__What you need to do__: From the line with "YRHome Étagère à" to the line with "Мультяшный пухлый кожаный", output every line below exactly, both ends included. Skip the pictures.

__Listed records__:
============================================================

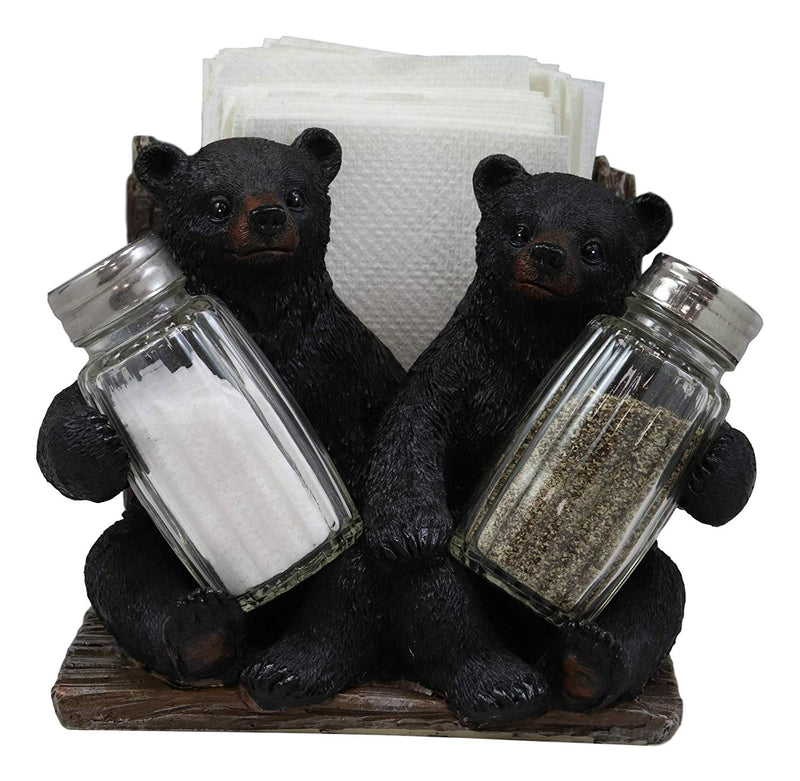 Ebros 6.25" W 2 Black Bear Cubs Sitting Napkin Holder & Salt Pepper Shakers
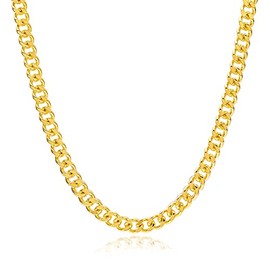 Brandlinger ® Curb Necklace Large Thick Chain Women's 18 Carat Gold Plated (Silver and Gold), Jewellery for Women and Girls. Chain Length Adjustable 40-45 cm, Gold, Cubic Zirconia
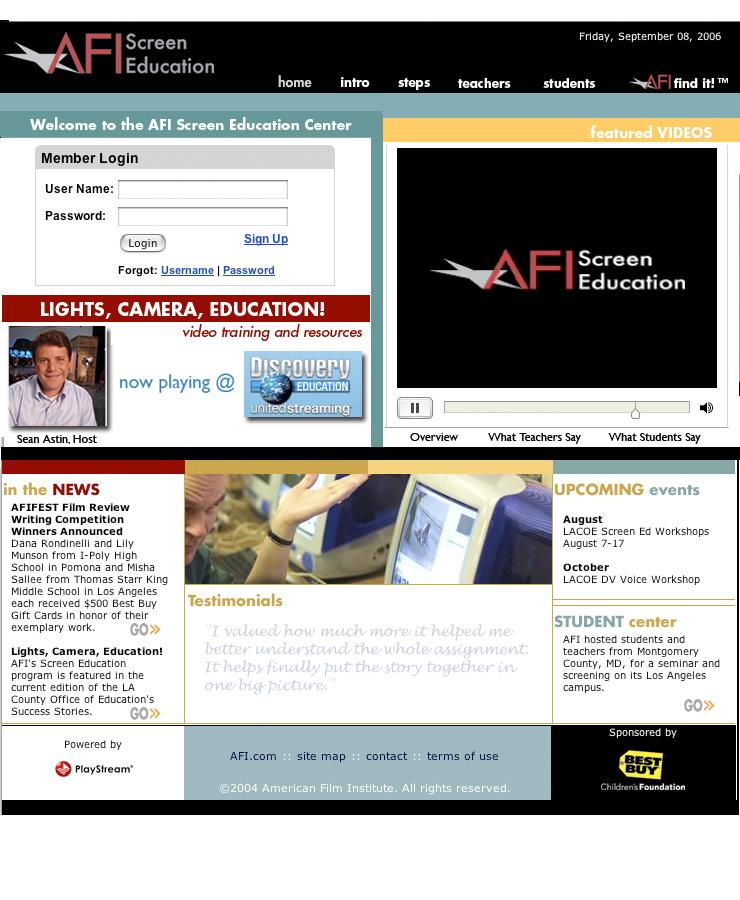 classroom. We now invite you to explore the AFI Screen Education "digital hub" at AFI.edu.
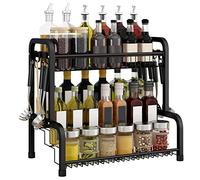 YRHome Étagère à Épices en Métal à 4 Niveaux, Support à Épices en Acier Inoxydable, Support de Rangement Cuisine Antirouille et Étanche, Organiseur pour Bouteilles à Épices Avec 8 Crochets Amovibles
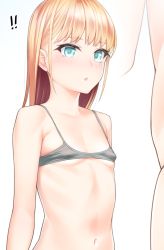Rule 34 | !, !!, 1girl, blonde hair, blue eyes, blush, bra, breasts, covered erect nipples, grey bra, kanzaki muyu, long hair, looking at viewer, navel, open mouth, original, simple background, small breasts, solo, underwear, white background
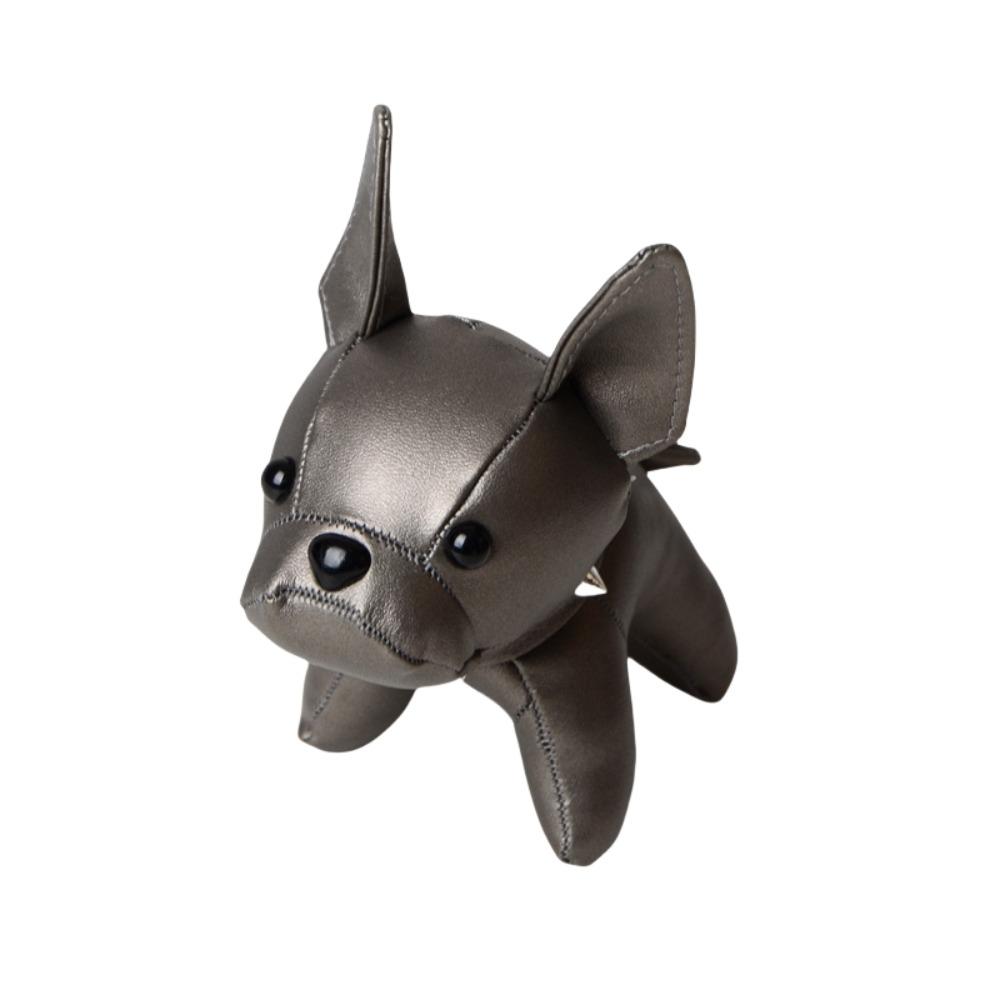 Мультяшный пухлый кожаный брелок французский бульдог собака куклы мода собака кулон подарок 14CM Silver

============================================================

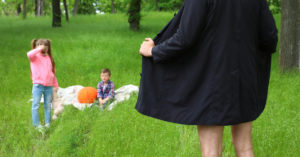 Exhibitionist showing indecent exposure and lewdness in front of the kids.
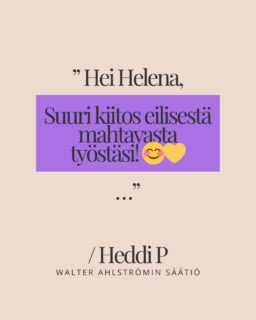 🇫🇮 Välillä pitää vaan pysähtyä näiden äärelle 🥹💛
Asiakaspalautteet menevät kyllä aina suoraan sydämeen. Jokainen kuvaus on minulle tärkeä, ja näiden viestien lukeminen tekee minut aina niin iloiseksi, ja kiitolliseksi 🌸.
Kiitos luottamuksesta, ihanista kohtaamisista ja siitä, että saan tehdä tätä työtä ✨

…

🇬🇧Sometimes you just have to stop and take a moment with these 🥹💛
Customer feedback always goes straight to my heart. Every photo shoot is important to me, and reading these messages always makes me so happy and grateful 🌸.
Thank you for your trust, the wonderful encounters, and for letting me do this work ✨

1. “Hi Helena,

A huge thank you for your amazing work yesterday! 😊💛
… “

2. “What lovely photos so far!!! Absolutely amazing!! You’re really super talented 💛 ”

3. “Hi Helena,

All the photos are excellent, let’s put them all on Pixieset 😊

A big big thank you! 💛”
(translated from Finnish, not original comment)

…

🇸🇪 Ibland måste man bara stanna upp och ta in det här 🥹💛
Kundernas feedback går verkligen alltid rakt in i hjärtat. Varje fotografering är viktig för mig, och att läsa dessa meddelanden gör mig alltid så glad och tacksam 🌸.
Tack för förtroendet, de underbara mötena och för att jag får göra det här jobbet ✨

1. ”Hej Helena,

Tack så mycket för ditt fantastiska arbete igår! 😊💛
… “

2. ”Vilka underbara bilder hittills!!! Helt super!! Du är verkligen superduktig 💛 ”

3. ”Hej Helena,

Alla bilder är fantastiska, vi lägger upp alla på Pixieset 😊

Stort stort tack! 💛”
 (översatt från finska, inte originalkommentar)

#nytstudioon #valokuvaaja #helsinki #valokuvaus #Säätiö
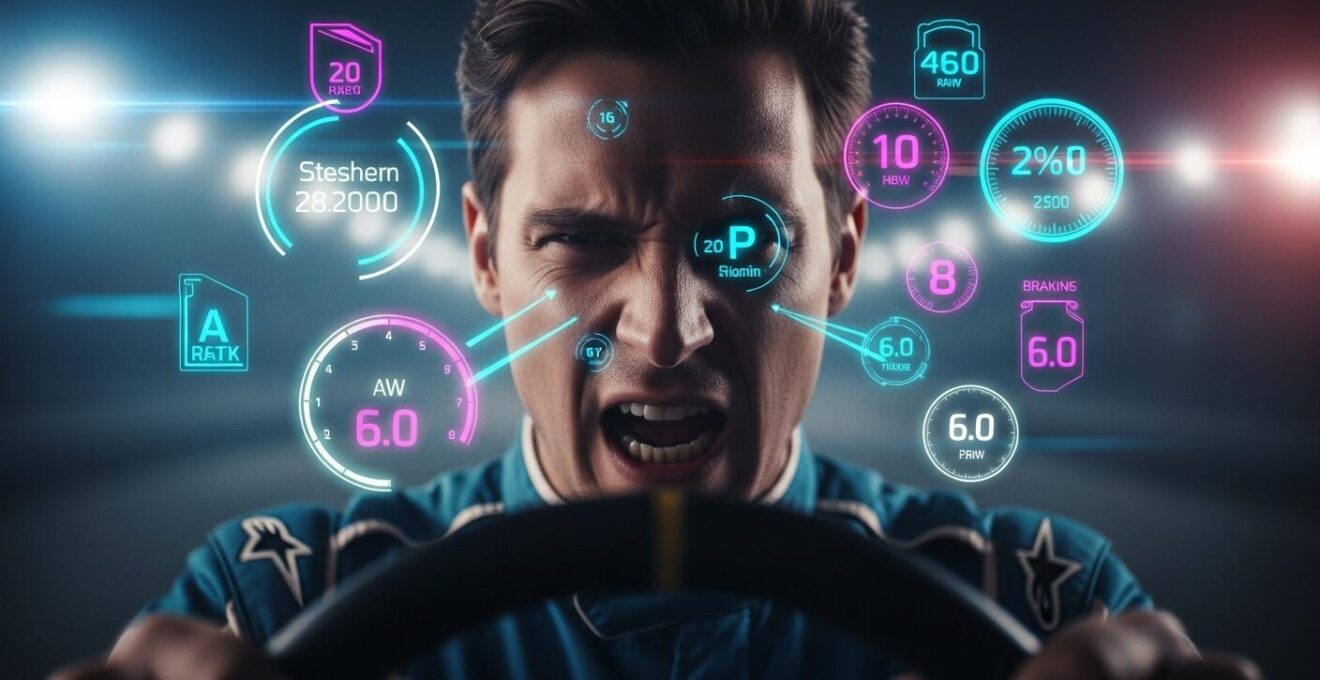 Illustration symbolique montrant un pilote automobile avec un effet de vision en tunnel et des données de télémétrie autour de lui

============================================================

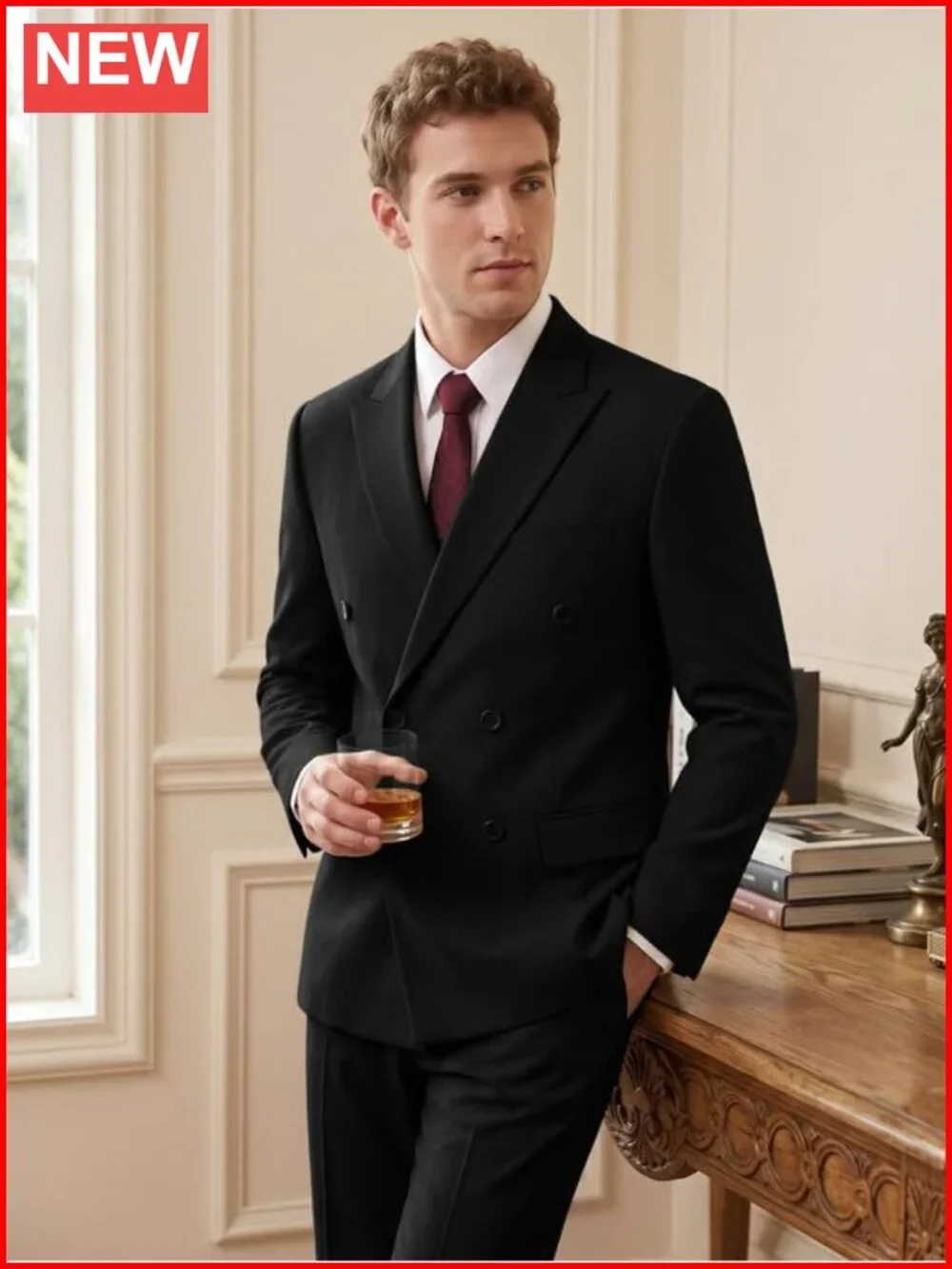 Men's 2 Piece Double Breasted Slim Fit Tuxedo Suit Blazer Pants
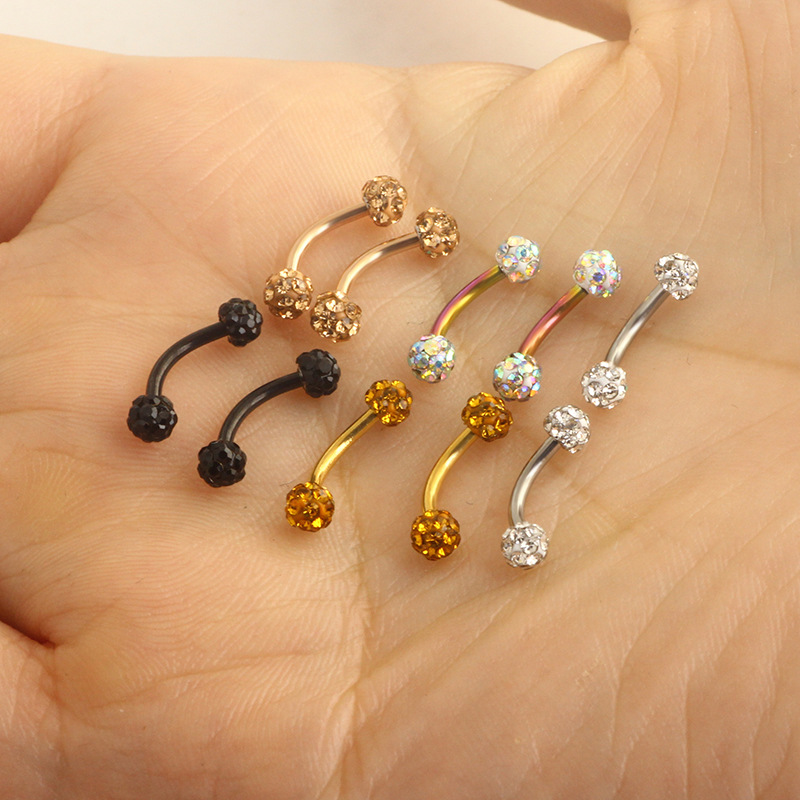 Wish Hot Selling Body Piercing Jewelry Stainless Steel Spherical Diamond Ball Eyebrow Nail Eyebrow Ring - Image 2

============================================================

__Response__:
 YRHome Étagère à Épices en Métal à 4 Niveaux, Support à Épices en Acier Inoxydable, Support de Rangement Cuisine Antirouille et Étanche, Organiseur pour Bouteilles à Épices Avec 8 Crochets Amovibles
Rule 34 | !, !!, 1girl, blonde hair, blue eyes, blush, bra, breasts, covered erect nipples, grey bra, kanzaki muyu, long hair, looking at viewer, navel, open mouth, original, simple background, small breasts, solo, underwear, white background
 Мультяшный пухлый кожаный брелок французский бульдог собака куклы мода собака кулон подарок 14CM Silver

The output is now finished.